■ Work required:
Take the listing below and print exactly the lines starting at the line containing "Sbh Mavalosa 2" and ending at the line containing "Karystos Villa |", both ends included, and no others.

=-=-=

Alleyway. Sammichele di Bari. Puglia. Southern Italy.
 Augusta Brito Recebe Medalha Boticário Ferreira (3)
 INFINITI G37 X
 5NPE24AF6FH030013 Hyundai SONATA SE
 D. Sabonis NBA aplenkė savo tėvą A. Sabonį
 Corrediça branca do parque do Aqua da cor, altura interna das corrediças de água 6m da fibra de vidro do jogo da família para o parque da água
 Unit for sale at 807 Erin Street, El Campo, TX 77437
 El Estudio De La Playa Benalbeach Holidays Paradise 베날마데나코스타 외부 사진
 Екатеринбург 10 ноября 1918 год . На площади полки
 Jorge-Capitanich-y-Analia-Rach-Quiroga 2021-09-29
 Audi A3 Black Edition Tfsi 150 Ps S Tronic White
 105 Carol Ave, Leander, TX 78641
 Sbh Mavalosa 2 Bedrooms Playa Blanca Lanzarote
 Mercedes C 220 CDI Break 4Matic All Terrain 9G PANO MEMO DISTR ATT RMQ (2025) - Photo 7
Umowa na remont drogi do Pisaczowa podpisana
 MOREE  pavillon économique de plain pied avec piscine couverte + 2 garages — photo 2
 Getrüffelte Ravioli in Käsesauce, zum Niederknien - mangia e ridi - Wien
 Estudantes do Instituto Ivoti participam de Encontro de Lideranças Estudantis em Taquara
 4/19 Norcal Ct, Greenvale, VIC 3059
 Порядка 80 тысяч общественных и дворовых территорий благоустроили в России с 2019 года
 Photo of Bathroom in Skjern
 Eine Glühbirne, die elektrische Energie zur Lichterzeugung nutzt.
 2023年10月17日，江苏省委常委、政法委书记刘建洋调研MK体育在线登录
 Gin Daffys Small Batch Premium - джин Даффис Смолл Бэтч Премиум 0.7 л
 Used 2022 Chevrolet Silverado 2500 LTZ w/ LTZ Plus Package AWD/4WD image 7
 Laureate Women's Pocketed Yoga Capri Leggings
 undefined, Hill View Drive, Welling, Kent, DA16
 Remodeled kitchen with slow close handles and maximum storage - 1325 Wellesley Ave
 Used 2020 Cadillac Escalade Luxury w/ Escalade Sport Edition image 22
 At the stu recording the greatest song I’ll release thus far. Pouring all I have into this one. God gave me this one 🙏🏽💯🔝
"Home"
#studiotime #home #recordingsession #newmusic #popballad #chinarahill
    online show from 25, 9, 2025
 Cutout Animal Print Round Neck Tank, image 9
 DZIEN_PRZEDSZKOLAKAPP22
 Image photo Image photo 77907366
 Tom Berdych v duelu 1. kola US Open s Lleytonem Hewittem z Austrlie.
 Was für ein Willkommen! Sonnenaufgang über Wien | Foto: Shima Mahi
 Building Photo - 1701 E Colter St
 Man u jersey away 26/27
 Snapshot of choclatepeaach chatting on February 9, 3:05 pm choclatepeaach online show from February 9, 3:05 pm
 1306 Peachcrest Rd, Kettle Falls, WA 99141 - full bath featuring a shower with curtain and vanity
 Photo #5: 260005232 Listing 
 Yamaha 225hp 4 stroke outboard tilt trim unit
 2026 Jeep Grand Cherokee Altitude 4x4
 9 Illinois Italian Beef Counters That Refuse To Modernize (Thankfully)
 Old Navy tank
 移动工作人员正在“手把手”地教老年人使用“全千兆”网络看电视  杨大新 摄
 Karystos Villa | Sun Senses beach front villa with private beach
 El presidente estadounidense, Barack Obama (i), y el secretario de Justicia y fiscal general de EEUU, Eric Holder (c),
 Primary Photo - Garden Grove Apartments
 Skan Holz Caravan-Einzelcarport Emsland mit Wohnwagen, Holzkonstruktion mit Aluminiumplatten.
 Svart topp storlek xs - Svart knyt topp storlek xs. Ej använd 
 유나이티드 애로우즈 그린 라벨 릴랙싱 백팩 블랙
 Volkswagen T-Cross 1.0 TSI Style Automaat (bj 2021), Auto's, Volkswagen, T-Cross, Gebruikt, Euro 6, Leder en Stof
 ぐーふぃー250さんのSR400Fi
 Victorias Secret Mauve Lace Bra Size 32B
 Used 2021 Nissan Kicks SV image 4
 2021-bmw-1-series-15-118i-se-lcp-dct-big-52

=-=-=

■ Answer below:
 Sbh Mavalosa 2 Bedrooms Playa Blanca Lanzarote
 Mercedes C 220 CDI Break 4Matic All Terrain 9G PANO MEMO DISTR ATT RMQ (2025) - Photo 7
Umowa na remont drogi do Pisaczowa podpisana
 MOREE  pavillon économique de plain pied avec piscine couverte + 2 garages — photo 2
 Getrüffelte Ravioli in Käsesauce, zum Niederknien - mangia e ridi - Wien
 Estudantes do Instituto Ivoti participam de Encontro de Lideranças Estudantis em Taquara
 4/19 Norcal Ct, Greenvale, VIC 3059
 Порядка 80 тысяч общественных и дворовых территорий благоустроили в России с 2019 года
 Photo of Bathroom in Skjern
 Eine Glühbirne, die elektrische Energie zur Lichterzeugung nutzt.
 2023年10月17日，江苏省委常委、政法委书记刘建洋调研MK体育在线登录
 Gin Daffys Small Batch Premium - джин Даффис Смолл Бэтч Премиум 0.7 л
 Used 2022 Chevrolet Silverado 2500 LTZ w/ LTZ Plus Package AWD/4WD image 7
 Laureate Women's Pocketed Yoga Capri Leggings
 undefined, Hill View Drive, Welling, Kent, DA16
 Remodeled kitchen with slow close handles and maximum storage - 1325 Wellesley Ave
 Used 2020 Cadillac Escalade Luxury w/ Escalade Sport Edition image 22
 At the stu recording the greatest song I’ll release thus far. Pouring all I have into this one. God gave me this one 🙏🏽💯🔝
"Home"
#studiotime #home #recordingsession #newmusic #popballad #chinarahill
    online show from 25, 9, 2025
 Cutout Animal Print Round Neck Tank, image 9
 DZIEN_PRZEDSZKOLAKAPP22
 Image photo Image photo 77907366
 Tom Berdych v duelu 1. kola US Open s Lleytonem Hewittem z Austrlie.
 Was für ein Willkommen! Sonnenaufgang über Wien | Foto: Shima Mahi
 Building Photo - 1701 E Colter St
 Man u jersey away 26/27
 Snapshot of choclatepeaach chatting on February 9, 3:05 pm choclatepeaach online show from February 9, 3:05 pm
 1306 Peachcrest Rd, Kettle Falls, WA 99141 - full bath featuring a shower with curtain and vanity
 Photo #5: 260005232 Listing 
 Yamaha 225hp 4 stroke outboard tilt trim unit
 2026 Jeep Grand Cherokee Altitude 4x4
 9 Illinois Italian Beef Counters That Refuse To Modernize (Thankfully)
 Old Navy tank
 移动工作人员正在“手把手”地教老年人使用“全千兆”网络看电视  杨大新 摄
 Karystos Villa | Sun Senses beach front villa with private beach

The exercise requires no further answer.